Souvenirs must have meant so much more in the nineteenth and twentieth centuries, as the possibility of travel opened up to so many more people, and each traveller was delighted to bring home a piece of the place they visited to remember it forever. But what do souvenirs mean in a globalised world when anything can be bought over the internet? And in our cluttered houses, with too much stuff, where no object can truly be treasured, only drowned out in the noise of our possessions.
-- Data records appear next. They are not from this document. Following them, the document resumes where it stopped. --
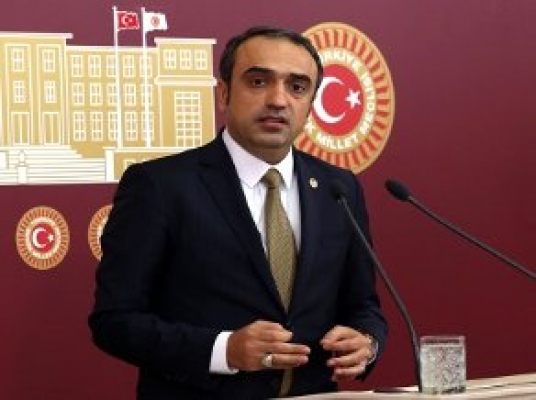 'Hakkımı haram ediyorum'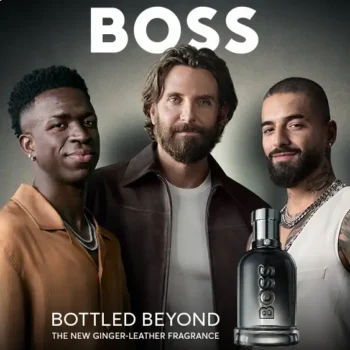 BOSS Bottled Beyond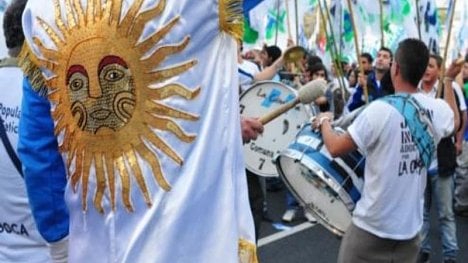 Náhledový obrázek - Argentinské lhaní a znárodňování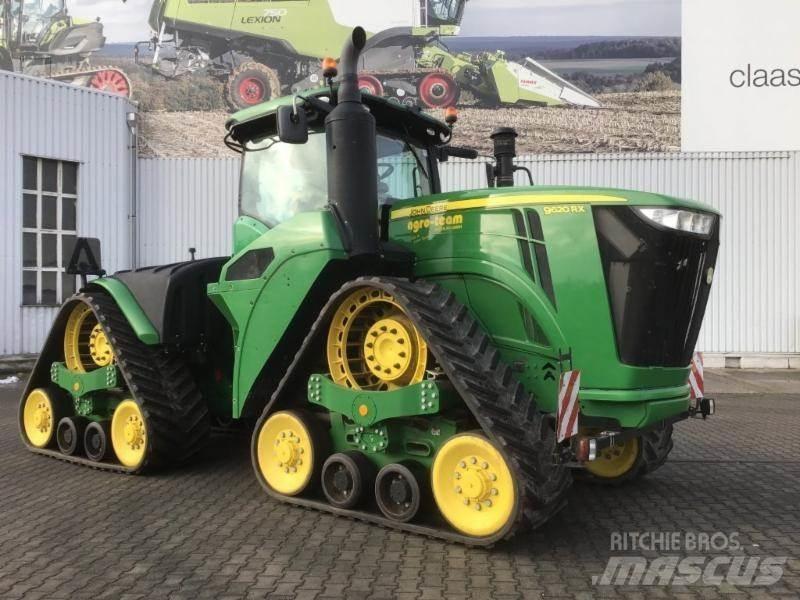 John Deere 9620 RX Trattori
We packed with no spare room in our bags at all. Our expectation was that we would bring home nothing but photographs, given our dislike of shopping and ideological disdain for souvenirs. Then, on the bus between cities, I was talking to an Australian couple who were collecting shot glasses from each city they visited; they showed me their latest from Lucerne. I said, “That’s going straight to the pool room!”; they laughed, but I’m not sure they got the reference. I was kind of jealous, imagining their cabinet full of slightly kitschy shot glasses to remember forever their great Europe trip. What was I going to have to show for my holiday? Did I really think my memories and photographs were enough?
I’d missed four cities already, but next city, I bought a fridge magnet. It would hold up documents on our fridge, and remind me of the exotic places I had been with an iconic image of the place in question. Never mind where it was made. Never mind how tenuous the link between the image and my experience of the city. I decided I would join the souvenir game.
I have done this knowing there’s something despicable about souvenir stands. (There’s one every twenty metres in the Vatican, it’s the worst for them.) They remind us we are tourists. They remind us we are a herd. They remind us we trying to capture our moment, capture the place in a trinket, and that, really, we have failed. And still, today, before I left Florence, I made sure I’d got another magnet.